↓↓↓
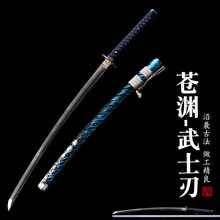 日本武士钢刀】价格_日本武士钢刀图片- 京东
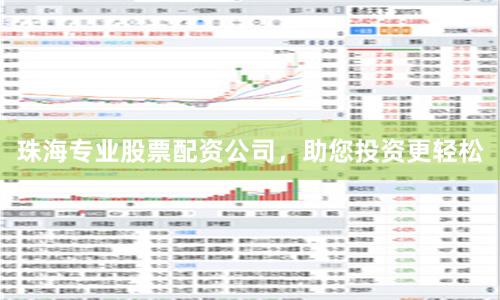 珠海专业股票配资公司，助您投资更轻松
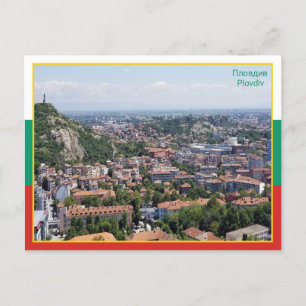 Plovdiv - Bulgaria Postcard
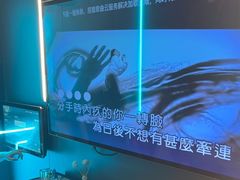 -云晓光头烧烤吧(盛夏店)
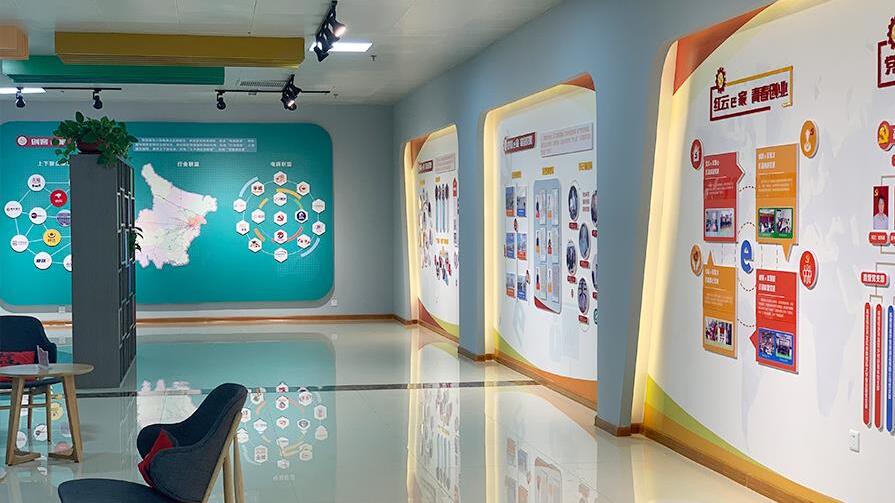 創客展廳文化墻制作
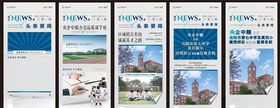 地产价值点白色极奢海报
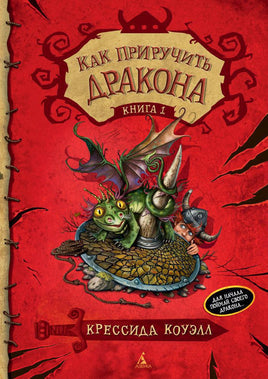 Как приручить дракона. Кн.1 Printed books Махаон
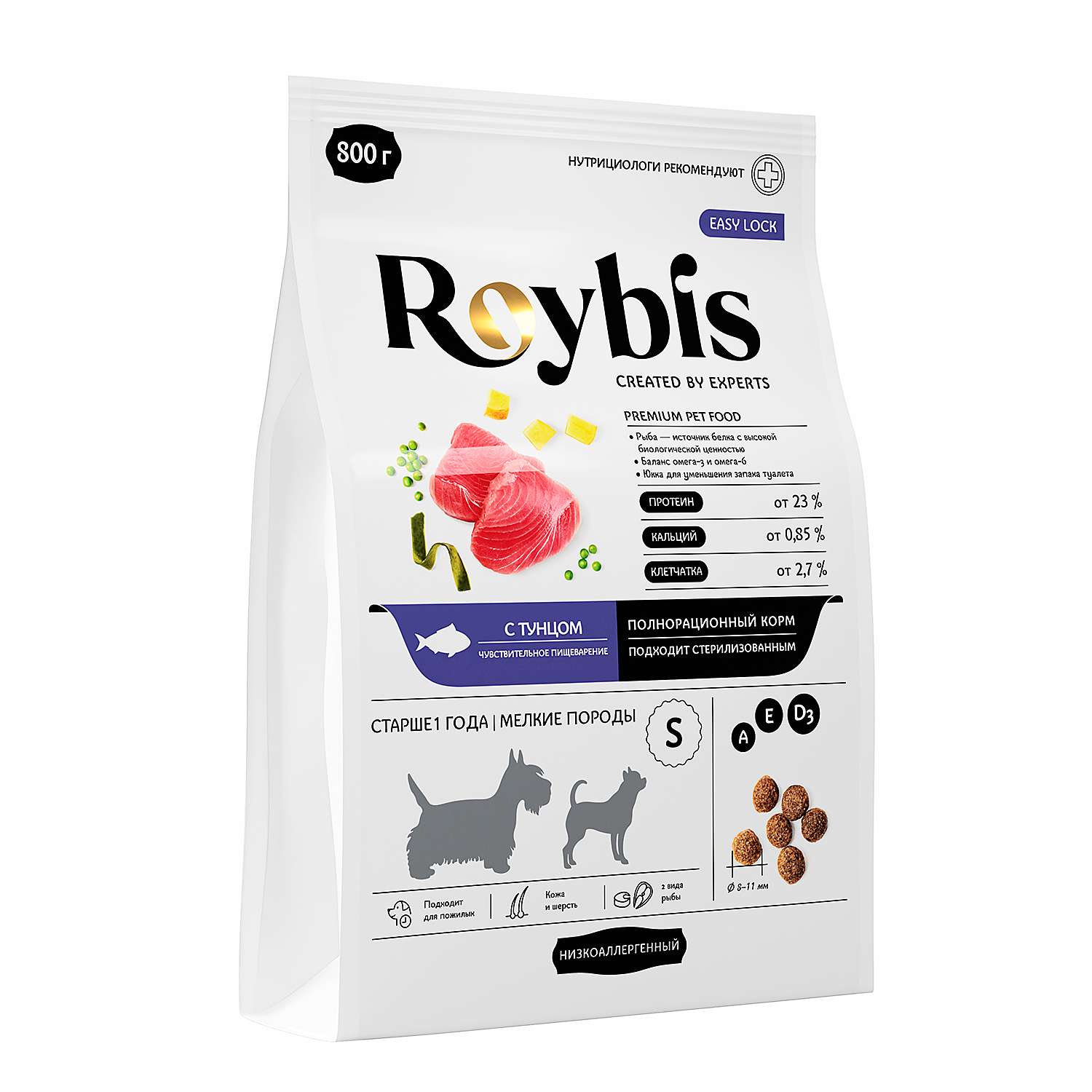 Корм для собак Roybis 0.8кг для мелких пород с чувствительным пищеварением с тунцом сухой - фото 2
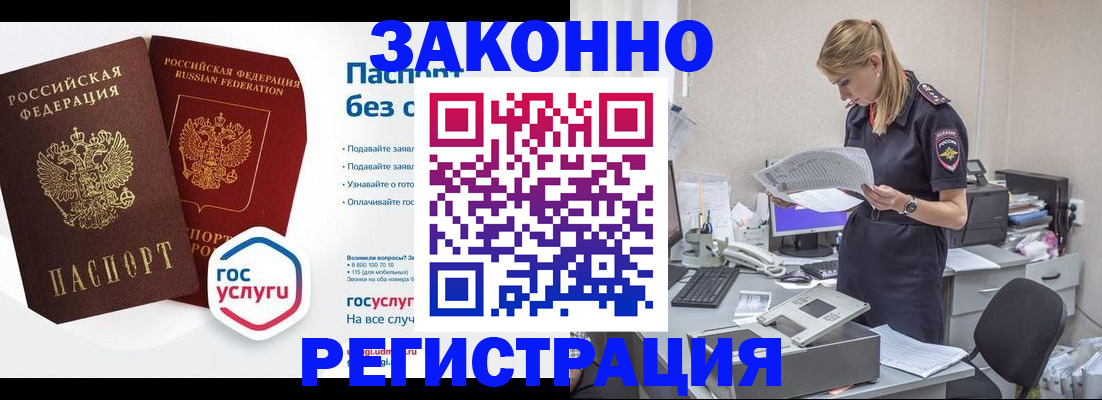 регистрация для дет. сада в Добрянке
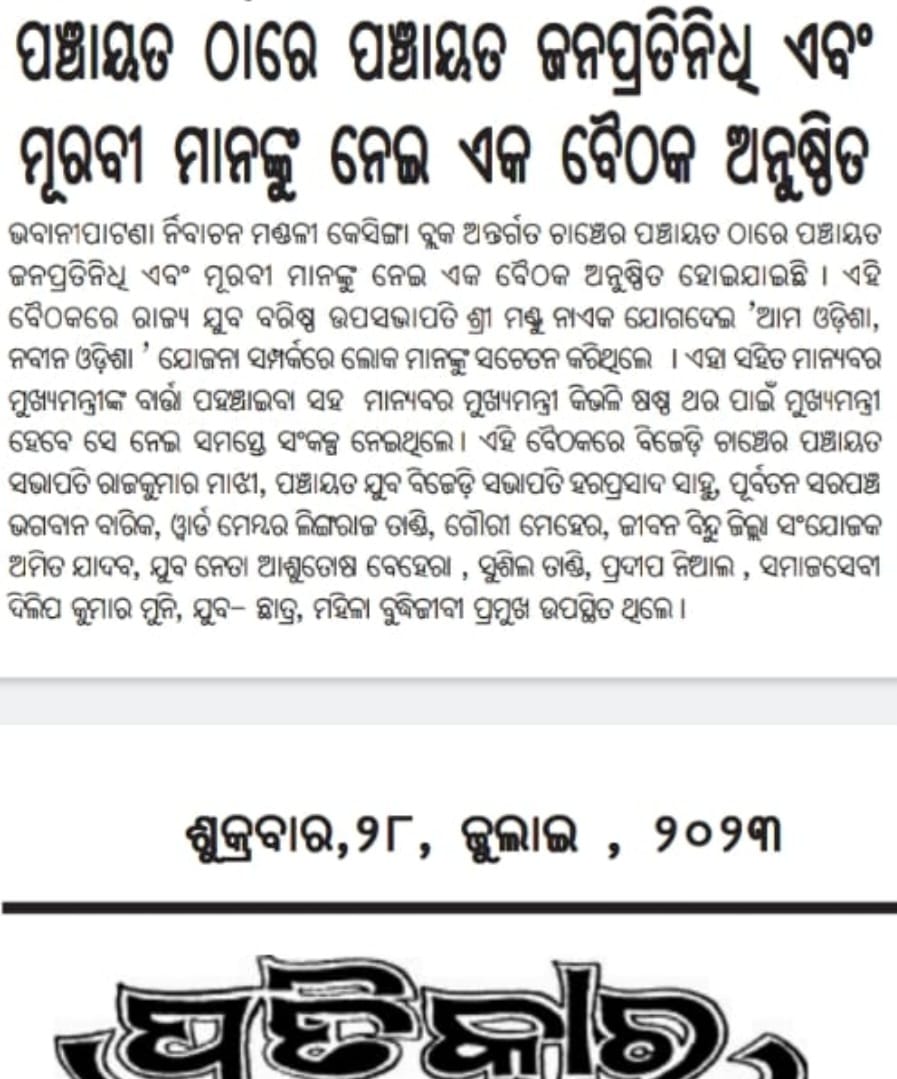 dynamicMantu's tweet photo. #newspaper
#NewsUpdate
#meadiacoverage https://t.co/lyQPeFyyTK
↑↑↑
Begin at the line containing "Plovdiv - Bulgaria Postcard" and transcribe exactly every line through the end of the records, both ends included, leaving the pictures out.

Task output »
 Plovdiv - Bulgaria Postcard
 -云晓光头烧烤吧(盛夏店)
 創客展廳文化墻制作
 地产价值点白色极奢海报
 Как приручить дракона. Кн.1 Printed books Махаон
 Корм для собак Roybis 0.8кг для мелких пород с чувствительным пищеварением с тунцом сухой - фото 2
 регистрация для дет. сада в Добрянке
 dynamicMantu's tweet photo. #newspaper
#NewsUpdate
#meadiacoverage https://t.co/lyQPeFyyTK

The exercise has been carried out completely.